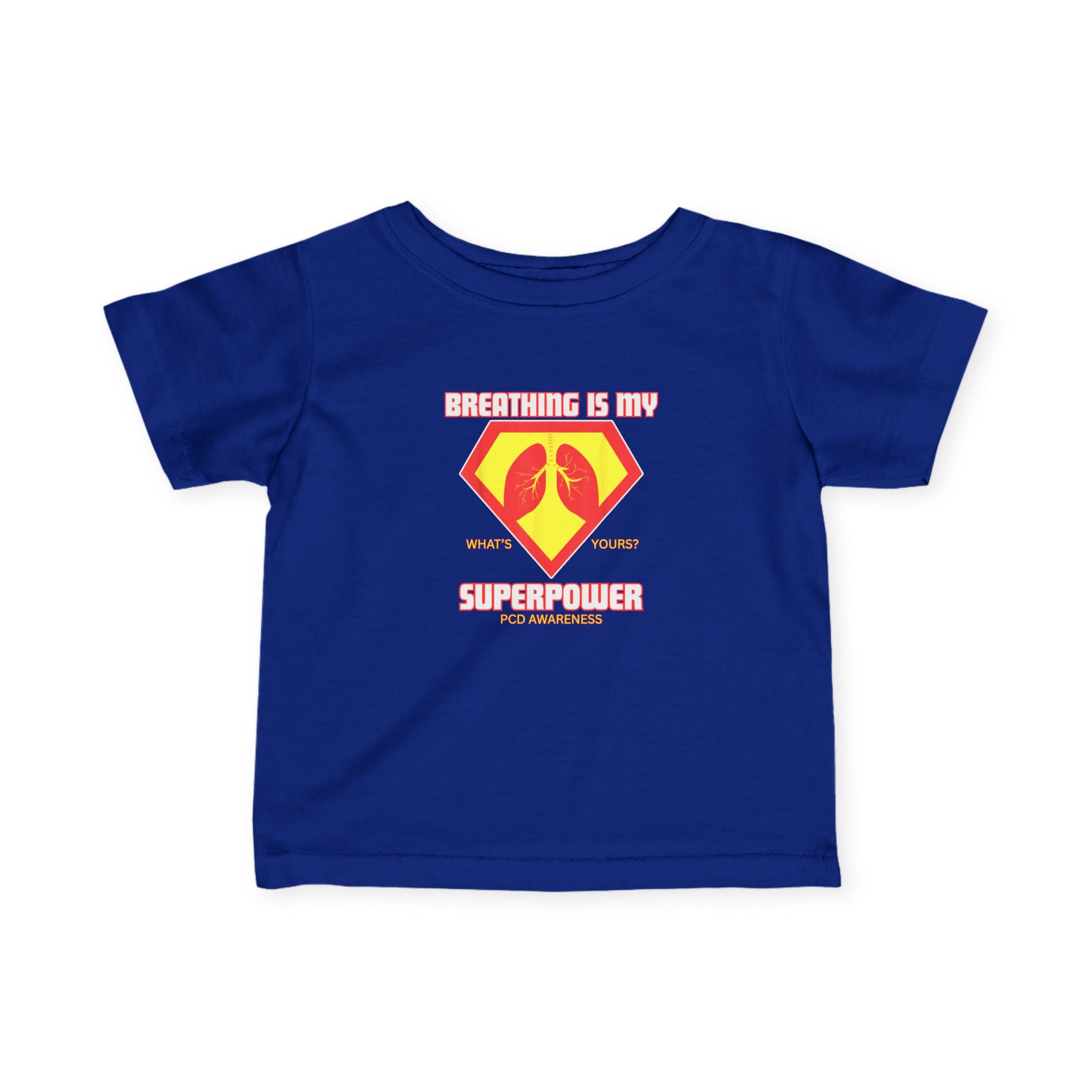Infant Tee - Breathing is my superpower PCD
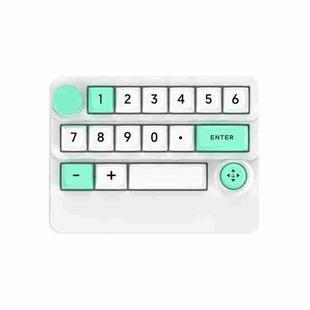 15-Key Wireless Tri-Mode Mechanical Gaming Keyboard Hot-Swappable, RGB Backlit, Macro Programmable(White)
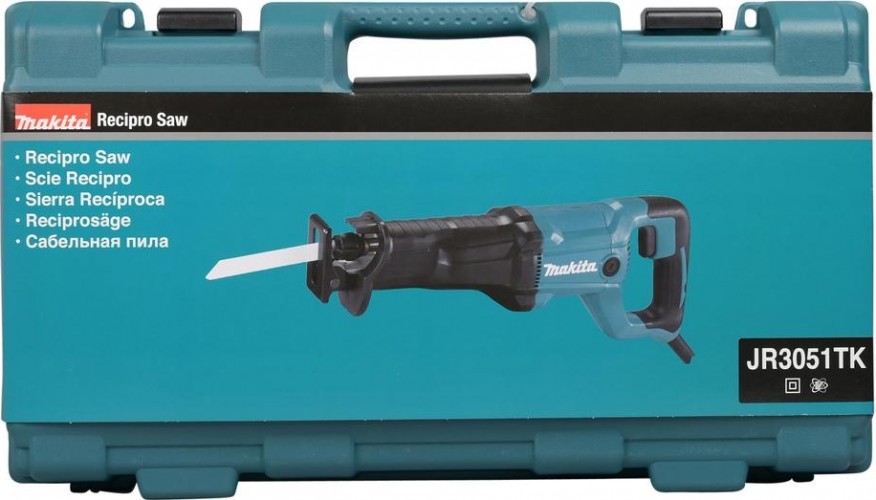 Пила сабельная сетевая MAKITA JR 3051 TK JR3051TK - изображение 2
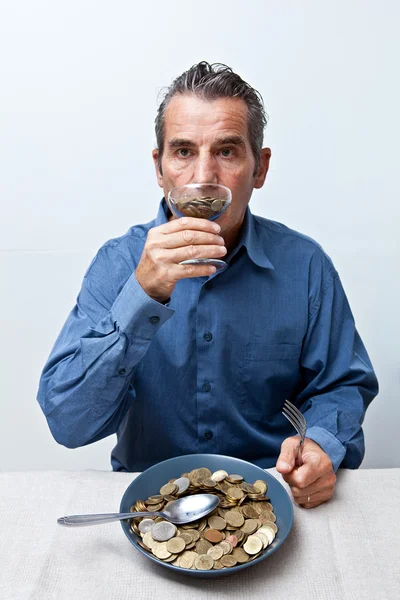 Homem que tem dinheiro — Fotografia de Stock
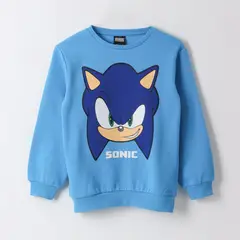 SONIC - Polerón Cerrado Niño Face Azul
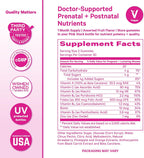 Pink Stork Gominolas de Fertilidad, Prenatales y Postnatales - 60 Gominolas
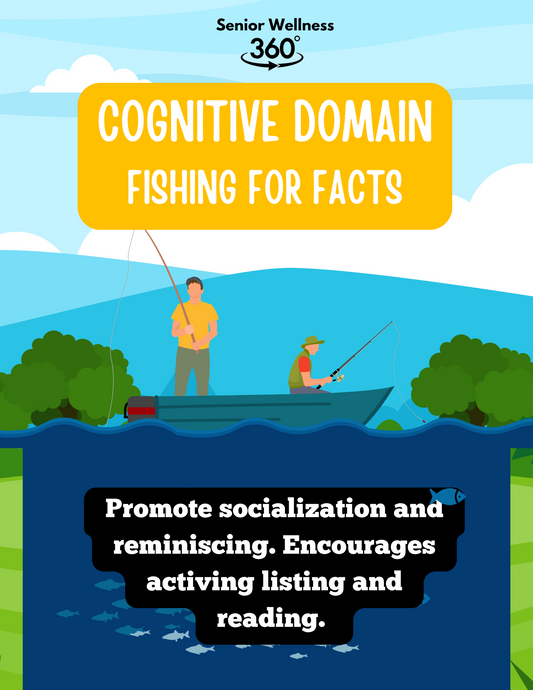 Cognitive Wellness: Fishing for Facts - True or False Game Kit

━━━━━━━━━━━━━━━━━━━━━━━━━━━━━━

#### EXERCISE:
Please set down only the lines from the one containing "Pink Stork Gominolas" through the end of the entries, exactly as they stand, both ends included and with no pictures.

#### THE COMPLETED TASK:
 Pink Stork Gominolas de Fertilidad, Prenatales y Postnatales - 60 Gominolas
 Cognitive Wellness: Fishing for Facts - True or False Game Kit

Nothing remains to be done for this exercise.